(Exercise data Opens)

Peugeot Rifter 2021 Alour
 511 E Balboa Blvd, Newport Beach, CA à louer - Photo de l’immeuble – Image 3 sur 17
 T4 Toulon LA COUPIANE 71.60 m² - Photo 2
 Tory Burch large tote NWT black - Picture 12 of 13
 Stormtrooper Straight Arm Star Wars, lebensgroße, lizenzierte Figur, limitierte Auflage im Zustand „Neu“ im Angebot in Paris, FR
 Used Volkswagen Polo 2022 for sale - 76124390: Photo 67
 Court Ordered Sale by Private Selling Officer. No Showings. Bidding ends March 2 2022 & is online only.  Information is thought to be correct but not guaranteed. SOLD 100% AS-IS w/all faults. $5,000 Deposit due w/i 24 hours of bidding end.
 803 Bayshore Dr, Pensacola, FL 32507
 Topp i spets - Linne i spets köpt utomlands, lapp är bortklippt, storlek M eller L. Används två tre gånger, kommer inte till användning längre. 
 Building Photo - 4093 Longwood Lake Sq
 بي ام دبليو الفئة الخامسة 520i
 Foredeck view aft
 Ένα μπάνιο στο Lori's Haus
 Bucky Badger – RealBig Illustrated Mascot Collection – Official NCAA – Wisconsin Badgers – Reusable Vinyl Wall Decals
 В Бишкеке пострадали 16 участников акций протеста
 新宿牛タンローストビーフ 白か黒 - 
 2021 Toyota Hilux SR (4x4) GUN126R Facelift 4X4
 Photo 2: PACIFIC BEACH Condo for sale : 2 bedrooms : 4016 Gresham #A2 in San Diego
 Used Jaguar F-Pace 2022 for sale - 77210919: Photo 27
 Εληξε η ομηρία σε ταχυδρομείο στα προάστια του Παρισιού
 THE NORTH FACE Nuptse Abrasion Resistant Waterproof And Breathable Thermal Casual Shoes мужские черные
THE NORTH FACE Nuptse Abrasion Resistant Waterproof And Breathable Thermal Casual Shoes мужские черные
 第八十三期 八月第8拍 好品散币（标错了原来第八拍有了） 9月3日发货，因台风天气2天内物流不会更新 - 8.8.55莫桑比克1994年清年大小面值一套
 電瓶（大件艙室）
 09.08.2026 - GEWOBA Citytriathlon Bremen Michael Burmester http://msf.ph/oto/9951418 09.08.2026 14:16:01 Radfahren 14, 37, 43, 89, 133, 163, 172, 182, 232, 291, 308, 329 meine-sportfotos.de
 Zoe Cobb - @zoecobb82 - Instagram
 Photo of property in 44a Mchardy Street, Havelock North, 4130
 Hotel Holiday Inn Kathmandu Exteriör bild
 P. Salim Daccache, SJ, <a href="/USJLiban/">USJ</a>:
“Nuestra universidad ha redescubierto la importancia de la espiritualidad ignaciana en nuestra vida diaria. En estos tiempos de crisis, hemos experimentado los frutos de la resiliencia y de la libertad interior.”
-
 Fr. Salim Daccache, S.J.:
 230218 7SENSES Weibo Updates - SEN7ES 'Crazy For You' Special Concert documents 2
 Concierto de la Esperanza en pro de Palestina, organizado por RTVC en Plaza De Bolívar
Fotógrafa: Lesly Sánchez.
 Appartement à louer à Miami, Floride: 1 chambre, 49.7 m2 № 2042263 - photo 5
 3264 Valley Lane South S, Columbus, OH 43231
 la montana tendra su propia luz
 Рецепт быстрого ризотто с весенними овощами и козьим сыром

(Exercise data Closes)

Exercise details — Which lines hold the word "Casual"? Return all of them from the records above.

Response —
 THE NORTH FACE Nuptse Abrasion Resistant Waterproof And Breathable Thermal Casual Shoes мужские черные
THE NORTH FACE Nuptse Abrasion Resistant Waterproof And Breathable Thermal Casual Shoes мужские черные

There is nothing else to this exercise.